The Guestbook example consists of 2 services, a frontend and a Redis service. Frontend is a replicated service with 3 replicas and is created like so:
- name: frontend
type: https://raw.githubusercontent.com/kubernetes/deployment-manager/master/examples/replicatedservice/replicatedservice.py
properties:
service_port: 80
container_port: 80
external_service: true
replicas: 3
image: gcr.io/google_containers/example-guestbook-php-redis:v3
Redis is a composite type and consists of two replicated services. A master with a single replica and the slaves with 2 replicas. It's construced as follows:
{% set REDIS_PORT = 6379 %}
{% set WORKERS = properties['workers'] or 2 %}
resources:
- name: redis-master
type: https://raw.githubusercontent.com/kubernetes/deployment-manager/master/examples/replicatedservice/replicatedservice.py
properties:
# This has to be overwritten since service names are hard coded in the code
service_name: redis-master
service_port: {{ REDIS_PORT }}
target_port: {{ REDIS_PORT }}
container_port: {{ REDIS_PORT }}
replicas: 1
container_name: master
image: redis
- name: redis-slave
type: https://raw.githubusercontent.com/kubernetes/deployment-manager/master/examples/replicatedservice/replicatedservice.py
properties:
# This has to be overwritten since service names are hard coded in the code
service_name: redis-slave
service_port: {{ REDIS_PORT }}
container_port: {{ REDIS_PORT }}
replicas: {{ WORKERS }}
container_name: worker
image: kubernetes/redis-slave:v2
# An example of how to specify env variables.
env:
- name: GET_HOSTS_FROM
value: env
- name: REDIS_MASTER_SERVICE_HOST
value: redis-master
Displaying types
You can also (currently using curl, work in progress) see what types have been deployed to the cluster:
curl http://localhost:8001/api/v1/proxy/namespaces/default/services/manager-service:manager/types
["Service","ReplicationController","redis.jinja","https://raw.githubusercontent.com/kubernetes/deployment-manager/master/examples/replicatedservice/replicatedservice.py"]

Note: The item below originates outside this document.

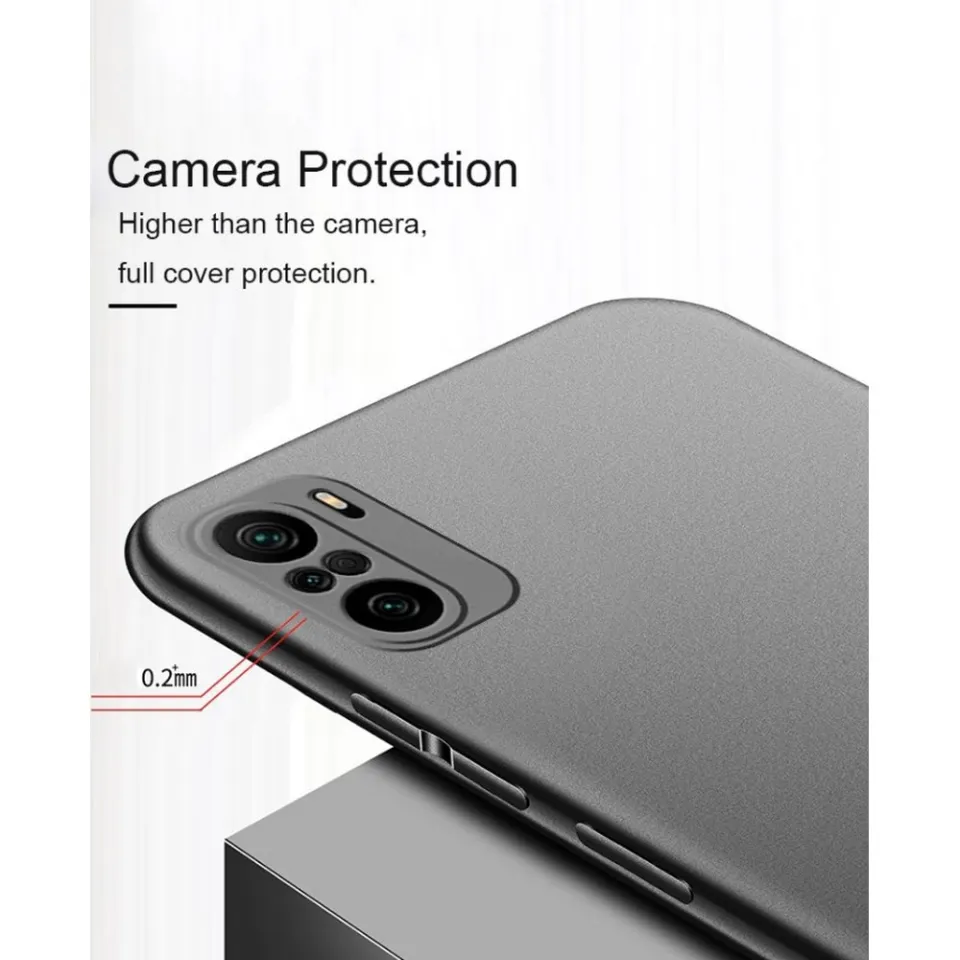 N NEWTOP Cover TPU Sottile Per Xiaomi Redmi Note 10 / 10S: Custodia Morbida E Ultraslim In Gel Silicone (Nera)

This shows that there are 2 native types that we have deployed (Service and ReplicationController) and 2 composite types (redis.jinja and one imported from github (replicatedservice.py)).
You can also see where the types are being used by getting details on the particular type:
curl 'http://localhost:8001/api/v1/proxy/namespaces/default/services/manager-service:manager/types/redis.jinja/instances'
[{"name":"redis","type":"redis.jinja","deployment":"guestbook","manifest":"manifest-1446584669795839153","path":"$.resources[1]"}]
It lists which deployment and manifest as well as JSON path to the type.